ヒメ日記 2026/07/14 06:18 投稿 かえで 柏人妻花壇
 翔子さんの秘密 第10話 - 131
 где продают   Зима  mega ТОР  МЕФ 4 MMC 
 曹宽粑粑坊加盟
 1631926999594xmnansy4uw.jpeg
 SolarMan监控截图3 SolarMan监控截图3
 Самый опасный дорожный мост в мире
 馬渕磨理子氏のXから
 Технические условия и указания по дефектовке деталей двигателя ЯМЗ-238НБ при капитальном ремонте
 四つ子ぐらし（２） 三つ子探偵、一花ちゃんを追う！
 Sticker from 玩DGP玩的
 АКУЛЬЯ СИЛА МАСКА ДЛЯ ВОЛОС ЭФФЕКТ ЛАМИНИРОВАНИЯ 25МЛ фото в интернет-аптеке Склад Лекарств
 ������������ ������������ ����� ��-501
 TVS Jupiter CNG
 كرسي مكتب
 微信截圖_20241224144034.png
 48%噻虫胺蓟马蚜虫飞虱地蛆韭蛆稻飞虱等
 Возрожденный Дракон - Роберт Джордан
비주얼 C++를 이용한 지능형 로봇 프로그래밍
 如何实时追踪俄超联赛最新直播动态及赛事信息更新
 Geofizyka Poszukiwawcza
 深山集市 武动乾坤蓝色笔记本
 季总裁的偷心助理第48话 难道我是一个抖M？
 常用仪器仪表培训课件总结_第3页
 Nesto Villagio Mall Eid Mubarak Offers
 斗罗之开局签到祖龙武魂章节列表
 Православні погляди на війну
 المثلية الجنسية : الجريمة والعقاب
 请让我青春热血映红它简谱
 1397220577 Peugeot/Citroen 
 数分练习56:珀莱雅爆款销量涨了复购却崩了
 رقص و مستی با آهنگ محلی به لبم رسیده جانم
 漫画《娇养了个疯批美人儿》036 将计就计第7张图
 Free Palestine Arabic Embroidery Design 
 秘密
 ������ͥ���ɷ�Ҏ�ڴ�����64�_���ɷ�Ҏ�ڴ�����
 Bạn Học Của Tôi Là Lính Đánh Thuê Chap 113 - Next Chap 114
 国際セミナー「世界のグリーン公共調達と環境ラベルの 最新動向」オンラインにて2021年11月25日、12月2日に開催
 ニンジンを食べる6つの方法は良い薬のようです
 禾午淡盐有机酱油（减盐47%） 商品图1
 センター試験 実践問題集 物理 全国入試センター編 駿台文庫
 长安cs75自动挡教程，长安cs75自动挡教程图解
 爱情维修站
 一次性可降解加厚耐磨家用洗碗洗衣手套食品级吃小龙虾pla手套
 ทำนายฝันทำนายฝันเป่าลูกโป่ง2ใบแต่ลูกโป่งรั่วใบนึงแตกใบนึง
------------------------------------------------------------
* Task objective:
From the first line of the listing above to the line with "四つ子ぐらし（２） 三つ子探偵、一花ちゃんを追う！", please transcribe each line exactly, both ends included, and nothing beyond that.

* Result for this exercise:
ヒメ日記 2026/07/14 06:18 投稿 かえで 柏人妻花壇
 翔子さんの秘密 第10話 - 131
 где продают   Зима  mega ТОР  МЕФ 4 MMC 
 曹宽粑粑坊加盟
 1631926999594xmnansy4uw.jpeg
 SolarMan监控截图3 SolarMan监控截图3
 Самый опасный дорожный мост в мире
 馬渕磨理子氏のXから
 Технические условия и указания по дефектовке деталей двигателя ЯМЗ-238НБ при капитальном ремонте
 四つ子ぐらし（２） 三つ子探偵、一花ちゃんを追う！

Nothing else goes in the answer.